Material for this exercise:
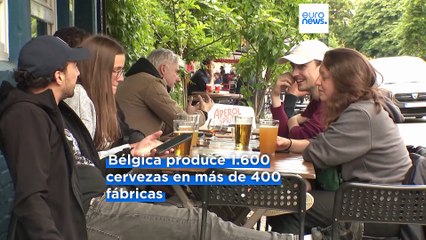 El consumo de cerveza en Bélgica sigue disminuyendo por el aumento de los costes y motivos de salud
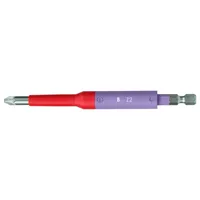 Бита диэлектрическая крестовая Felo +/-Z 2х115 03120590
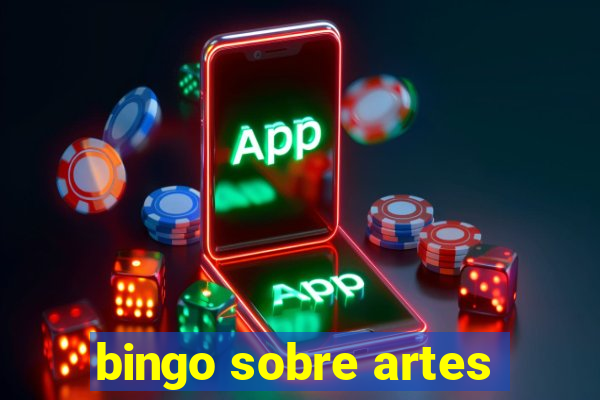 bingo sobre artes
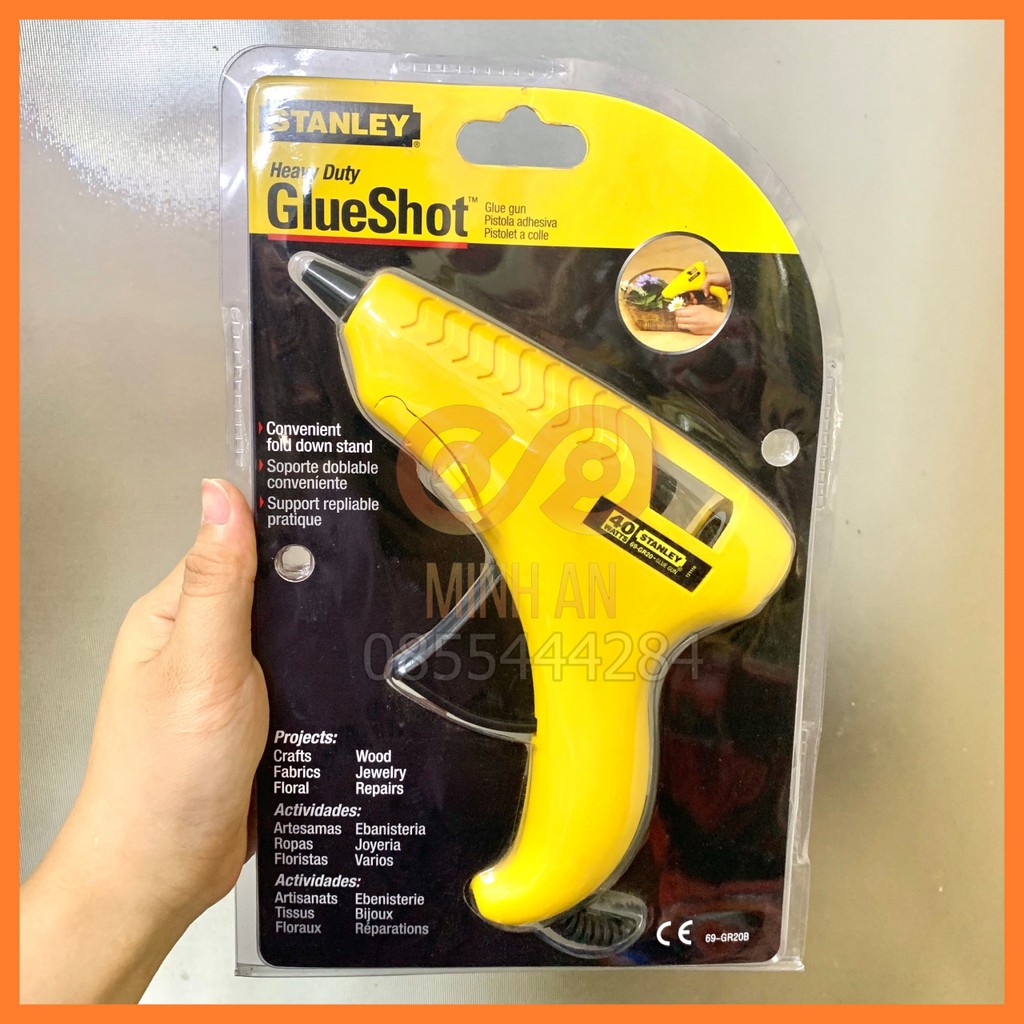 [HÀNG CHÍNH HÃNG] Dụng cụ dán keo STANLEY 69-GR20B - 240V/40W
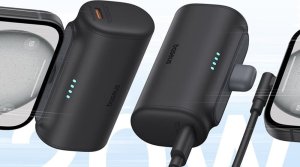 Powerbank OS-Baseus Compact IP 5000mAh 20W (czarny) 9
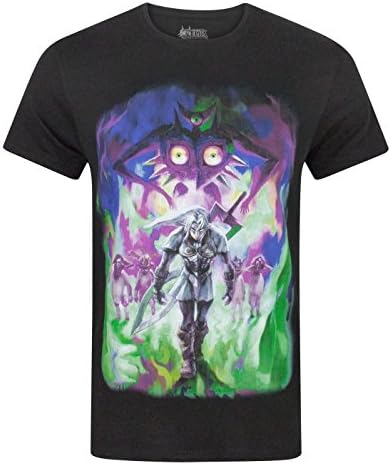 Zelda Majora's Mask Fierce Deity Link Men's T-Shirt (S)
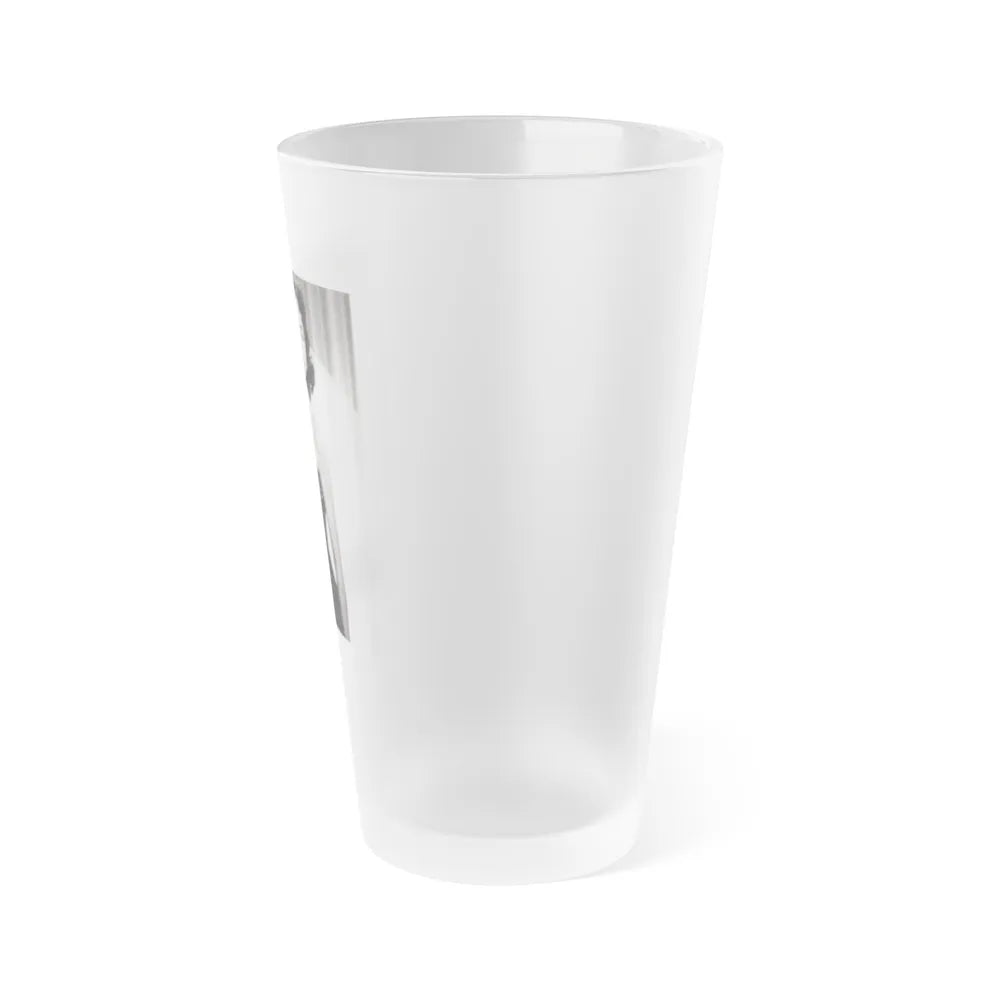 Rita Moreno #16 (Vintage Female Icon) Frosted Pint Glass 16oz-Go Mug Yourself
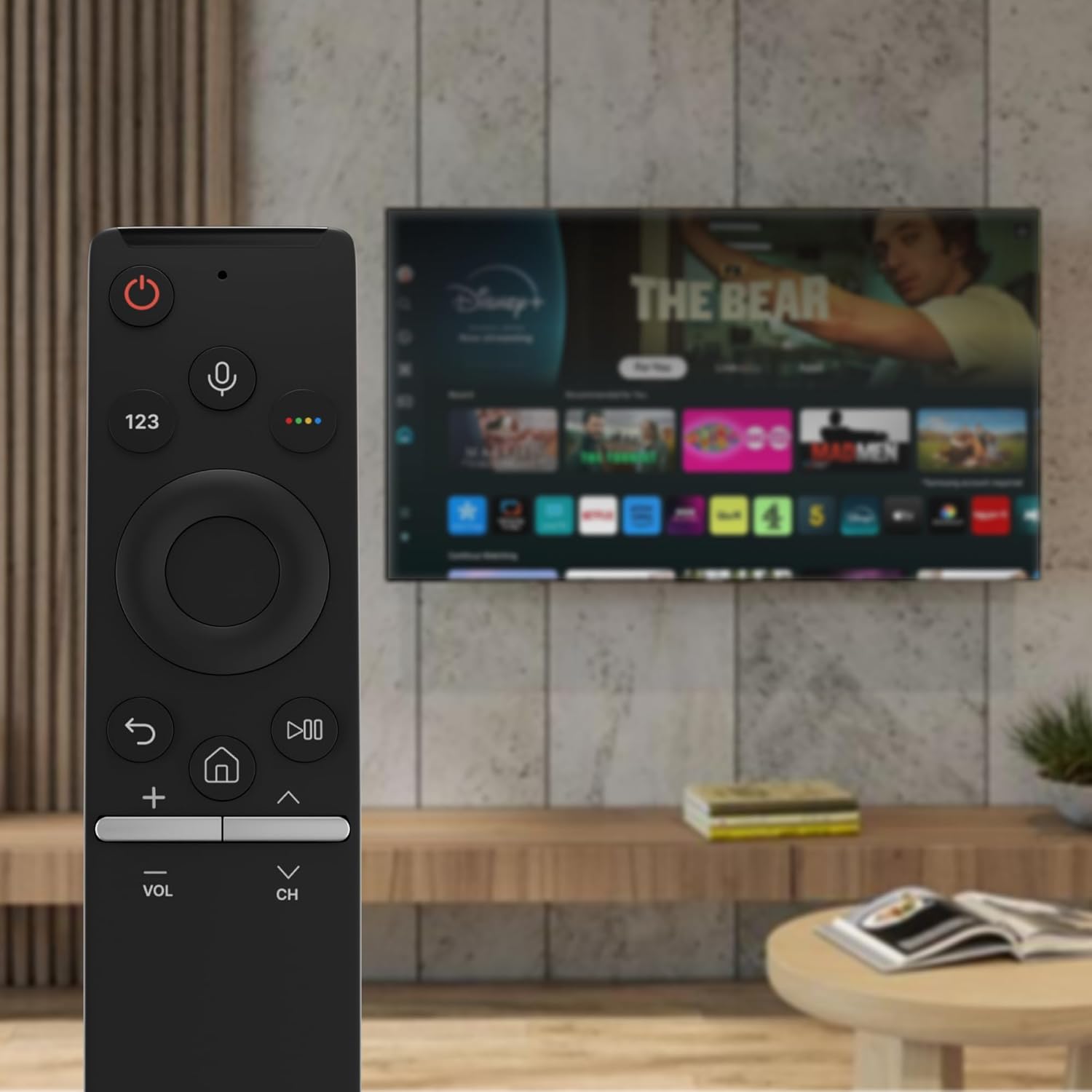 Review Bluetooth Voice Command Remote Compatible With Samsung Smart 2 Review Bluetooth Voice Command Remote Compatible With Samsung Smart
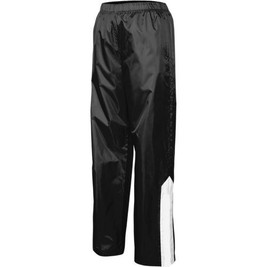 CHAMPION 3511BL - Pantalon Femme Aventure Élégante Noir et Blanc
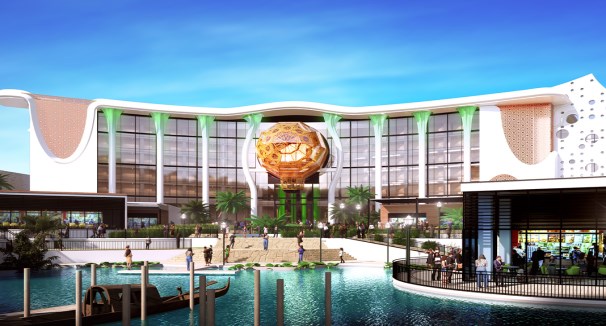 Rixos The Land Of Lagends Nickelodeon Hotels elektrik taahhüt projesi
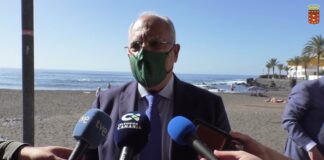 Presentado el proyecto de acondicionamiento de la avenida marítima de Valle Gran Rey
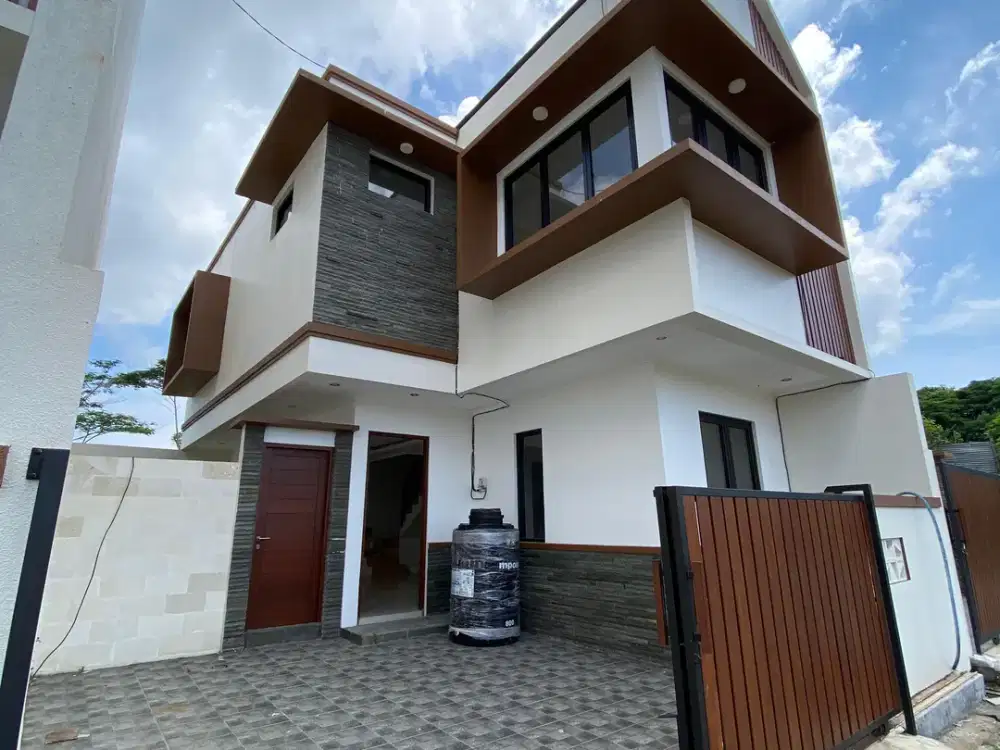 Villa Baru Jadi Di Benoa Badung Bali Denga Kawasan Elite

The task:
Copy only the lines running from the one that holds "Powerbank OS-Baseus Compact" through the last line of the data, and include both of those lines. Do not copy any pictures.

Solution:
 Powerbank OS-Baseus Compact IP 5000mAh 20W (czarny) 9
 Zelda Majora's Mask Fierce Deity Link Men's T-Shirt (S)
 Rita Moreno #16 (Vintage Female Icon) Frosted Pint Glass 16oz-Go Mug Yourself
 Review Bluetooth Voice Command Remote Compatible With Samsung Smart 2 Review Bluetooth Voice Command Remote Compatible With Samsung Smart
 CHAMPION 3511BL - Pantalon Femme Aventure Élégante Noir et Blanc
 Rixos The Land Of Lagends Nickelodeon Hotels elektrik taahhüt projesi
 Presentado el proyecto de acondicionamiento de la avenida marítima de Valle Gran Rey
 Villa Baru Jadi Di Benoa Badung Bali Denga Kawasan Elite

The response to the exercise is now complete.